The Weir Archer Academy will work alongside sporting authorities to develop Kingsmeadow Athletics Stadium in Kingston upon Thames, south west London, into world-class facilities.
Weir, who is founding the academy with his coach Jenny Archer, said it was important to nurture the talent of tomorrow.
The wheelchair racer, who won four golds at last year's Paralympics, will have a hands-on role at the centre with plans to mentor the athletes it takes on.
He said: "It came from an idea that me and Jenny had years ago. When I was in Beijing (for the 2008 Olympics) I was thinking about our squad and looking at the other nations.
Weir's academy will be based at a refitted Kingsmeadow stadium in south west London
"I thought if no one's going to do something I think I should do something and help the next generation as I don't want our hopes to die in this country - I knew I was getting a little bit older.
"I'm glad that we've not just stuck with wheelchair racing, we've got other sports involved too, although it's mostly athletics."
Weir added: "Getting the best out of your body is about more than just pushing weights and covering miles and miles on the track.
"It's also about getting the right coaching, advice about nutrition, psychological development and harnessing all that science has to offer.
"Jenny and I want to build such facilities here at Kingsmeadow and make them accessible to all athletes - young, old, disabled and able-bodied alike."

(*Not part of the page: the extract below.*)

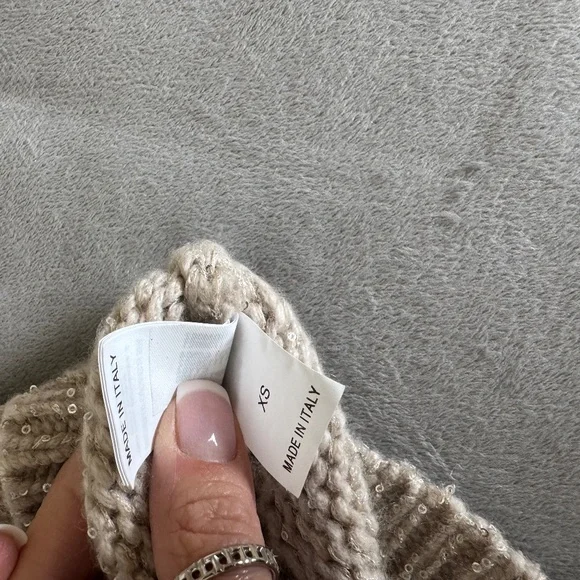 Brunello Cucinelli Cashmere Sequined Cropped Sweater XS - Picture 12 of 13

Speaking of being a mentor, he said: "I've been doing it for years anyway, I'm more on the technical side and Jenny's the brains of the programme.
Weir, one of the greatest paralypians ever, won an incredible four golds in London last year
"It's great just talking to the kids really and just being there. Even when I'm watching from the sidelines in my wheelchair I can see they're trying that little bit harder just because I'm there."

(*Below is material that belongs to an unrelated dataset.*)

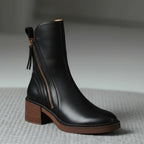 Valorine | Black Leather Boots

Weir said his next focus was the London Marathon later this month.
He added: "I'm feeling in pretty good shape. I'm really looking forward to the next couple of weeks, I just hope it's warm so I can get a bit more speed work in my training."
The academy launch was taking place at the same time as the Surrey County Disability Championships. Weir said he was impressed with the turnout of around 100 competitors.
"It's a nice day for a change - the sun's out," he added.
The event also saw the unveiling of a plaque celebrating to celebrate Weir's success and links to Kingston AC and Polytechnic Harriers who train at the stadium.